=== WHAT THIS TASK INVOLVES ===
Below are some records. Print exactly the lines between the one holding "Antique Damask Velvet" and the one holding "PICASSO-TILES Magnetic Tiles", inclusive, and nothing else.
BEGIN
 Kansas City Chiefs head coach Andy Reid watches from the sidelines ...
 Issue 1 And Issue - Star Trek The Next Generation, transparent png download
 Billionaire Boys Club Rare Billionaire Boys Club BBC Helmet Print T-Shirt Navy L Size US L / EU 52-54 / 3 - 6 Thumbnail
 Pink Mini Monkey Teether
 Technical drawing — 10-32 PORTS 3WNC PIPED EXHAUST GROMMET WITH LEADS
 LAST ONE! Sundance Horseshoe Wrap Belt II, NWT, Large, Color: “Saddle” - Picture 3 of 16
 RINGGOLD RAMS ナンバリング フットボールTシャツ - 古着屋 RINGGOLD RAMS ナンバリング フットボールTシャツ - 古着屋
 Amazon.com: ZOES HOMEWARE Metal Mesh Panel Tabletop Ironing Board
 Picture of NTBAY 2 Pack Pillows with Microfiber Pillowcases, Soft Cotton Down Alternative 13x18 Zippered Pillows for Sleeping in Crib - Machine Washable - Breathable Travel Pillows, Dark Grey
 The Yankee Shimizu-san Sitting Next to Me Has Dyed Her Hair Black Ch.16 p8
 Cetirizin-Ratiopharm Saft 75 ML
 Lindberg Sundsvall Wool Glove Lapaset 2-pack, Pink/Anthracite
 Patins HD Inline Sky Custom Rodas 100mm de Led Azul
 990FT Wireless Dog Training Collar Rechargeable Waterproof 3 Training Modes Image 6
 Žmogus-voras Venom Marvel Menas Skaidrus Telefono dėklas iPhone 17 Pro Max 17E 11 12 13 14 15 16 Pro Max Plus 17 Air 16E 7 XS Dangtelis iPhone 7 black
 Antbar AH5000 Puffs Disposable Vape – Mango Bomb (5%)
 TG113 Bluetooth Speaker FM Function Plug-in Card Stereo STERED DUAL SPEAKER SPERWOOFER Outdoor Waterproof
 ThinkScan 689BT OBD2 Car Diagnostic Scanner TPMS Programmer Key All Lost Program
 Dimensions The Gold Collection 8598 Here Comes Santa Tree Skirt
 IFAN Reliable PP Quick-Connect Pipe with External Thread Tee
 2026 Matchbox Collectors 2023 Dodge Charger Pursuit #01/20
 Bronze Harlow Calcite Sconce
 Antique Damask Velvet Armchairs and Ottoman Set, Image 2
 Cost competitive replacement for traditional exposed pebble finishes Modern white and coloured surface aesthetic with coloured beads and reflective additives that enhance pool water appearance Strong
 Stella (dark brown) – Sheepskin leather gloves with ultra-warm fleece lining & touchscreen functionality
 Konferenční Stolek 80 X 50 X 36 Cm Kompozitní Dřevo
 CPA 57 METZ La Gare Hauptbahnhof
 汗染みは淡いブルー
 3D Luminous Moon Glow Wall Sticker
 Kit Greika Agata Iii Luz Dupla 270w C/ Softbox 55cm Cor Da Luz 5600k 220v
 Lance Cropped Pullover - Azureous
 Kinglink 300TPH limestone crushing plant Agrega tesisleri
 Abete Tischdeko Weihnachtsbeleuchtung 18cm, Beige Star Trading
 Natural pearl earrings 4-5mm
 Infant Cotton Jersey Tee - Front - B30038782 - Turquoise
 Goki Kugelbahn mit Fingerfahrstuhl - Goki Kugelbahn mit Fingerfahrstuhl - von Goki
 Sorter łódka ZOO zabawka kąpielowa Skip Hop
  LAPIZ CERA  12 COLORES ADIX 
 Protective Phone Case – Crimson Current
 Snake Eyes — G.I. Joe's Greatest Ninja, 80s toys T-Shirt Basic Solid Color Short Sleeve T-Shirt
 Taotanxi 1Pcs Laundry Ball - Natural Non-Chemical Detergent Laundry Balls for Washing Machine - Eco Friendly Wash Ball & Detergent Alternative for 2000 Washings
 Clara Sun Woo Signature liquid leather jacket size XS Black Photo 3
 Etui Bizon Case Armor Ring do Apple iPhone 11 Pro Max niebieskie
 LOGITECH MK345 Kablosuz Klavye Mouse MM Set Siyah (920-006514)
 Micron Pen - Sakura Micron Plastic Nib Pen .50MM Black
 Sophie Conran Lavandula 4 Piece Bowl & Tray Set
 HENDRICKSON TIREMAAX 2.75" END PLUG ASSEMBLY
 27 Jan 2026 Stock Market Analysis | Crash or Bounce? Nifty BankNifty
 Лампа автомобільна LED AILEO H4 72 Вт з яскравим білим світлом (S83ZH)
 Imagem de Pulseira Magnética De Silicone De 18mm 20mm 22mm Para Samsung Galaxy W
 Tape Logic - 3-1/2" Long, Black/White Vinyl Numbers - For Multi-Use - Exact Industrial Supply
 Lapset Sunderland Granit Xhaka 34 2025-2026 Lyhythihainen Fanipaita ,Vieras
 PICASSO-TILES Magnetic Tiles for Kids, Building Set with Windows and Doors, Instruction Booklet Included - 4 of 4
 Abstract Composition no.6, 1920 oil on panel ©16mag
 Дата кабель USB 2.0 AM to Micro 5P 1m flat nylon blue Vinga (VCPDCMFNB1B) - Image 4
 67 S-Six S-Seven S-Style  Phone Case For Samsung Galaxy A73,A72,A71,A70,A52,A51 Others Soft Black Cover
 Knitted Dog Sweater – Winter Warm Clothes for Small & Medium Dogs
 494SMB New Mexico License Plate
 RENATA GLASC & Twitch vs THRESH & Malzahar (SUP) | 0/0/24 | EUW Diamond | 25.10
END
=== ANSWER SECTION ===
 Antique Damask Velvet Armchairs and Ottoman Set, Image 2
 Cost competitive replacement for traditional exposed pebble finishes Modern white and coloured surface aesthetic with coloured beads and reflective additives that enhance pool water appearance Strong
 Stella (dark brown) – Sheepskin leather gloves with ultra-warm fleece lining & touchscreen functionality
 Konferenční Stolek 80 X 50 X 36 Cm Kompozitní Dřevo
 CPA 57 METZ La Gare Hauptbahnhof
 汗染みは淡いブルー
 3D Luminous Moon Glow Wall Sticker
 Kit Greika Agata Iii Luz Dupla 270w C/ Softbox 55cm Cor Da Luz 5600k 220v
 Lance Cropped Pullover - Azureous
 Kinglink 300TPH limestone crushing plant Agrega tesisleri
 Abete Tischdeko Weihnachtsbeleuchtung 18cm, Beige Star Trading
 Natural pearl earrings 4-5mm
 Infant Cotton Jersey Tee - Front - B30038782 - Turquoise
 Goki Kugelbahn mit Fingerfahrstuhl - Goki Kugelbahn mit Fingerfahrstuhl - von Goki
 Sorter łódka ZOO zabawka kąpielowa Skip Hop
  LAPIZ CERA  12 COLORES ADIX 
 Protective Phone Case – Crimson Current
 Snake Eyes — G.I. Joe's Greatest Ninja, 80s toys T-Shirt Basic Solid Color Short Sleeve T-Shirt
 Taotanxi 1Pcs Laundry Ball - Natural Non-Chemical Detergent Laundry Balls for Washing Machine - Eco Friendly Wash Ball & Detergent Alternative for 2000 Washings
 Clara Sun Woo Signature liquid leather jacket size XS Black Photo 3
 Etui Bizon Case Armor Ring do Apple iPhone 11 Pro Max niebieskie
 LOGITECH MK345 Kablosuz Klavye Mouse MM Set Siyah (920-006514)
 Micron Pen - Sakura Micron Plastic Nib Pen .50MM Black
 Sophie Conran Lavandula 4 Piece Bowl & Tray Set
 HENDRICKSON TIREMAAX 2.75" END PLUG ASSEMBLY
 27 Jan 2026 Stock Market Analysis | Crash or Bounce? Nifty BankNifty
 Лампа автомобільна LED AILEO H4 72 Вт з яскравим білим світлом (S83ZH)
 Imagem de Pulseira Magnética De Silicone De 18mm 20mm 22mm Para Samsung Galaxy W
 Tape Logic - 3-1/2" Long, Black/White Vinyl Numbers - For Multi-Use - Exact Industrial Supply
 Lapset Sunderland Granit Xhaka 34 2025-2026 Lyhythihainen Fanipaita ,Vieras
 PICASSO-TILES Magnetic Tiles for Kids, Building Set with Windows and Doors, Instruction Booklet Included - 4 of 4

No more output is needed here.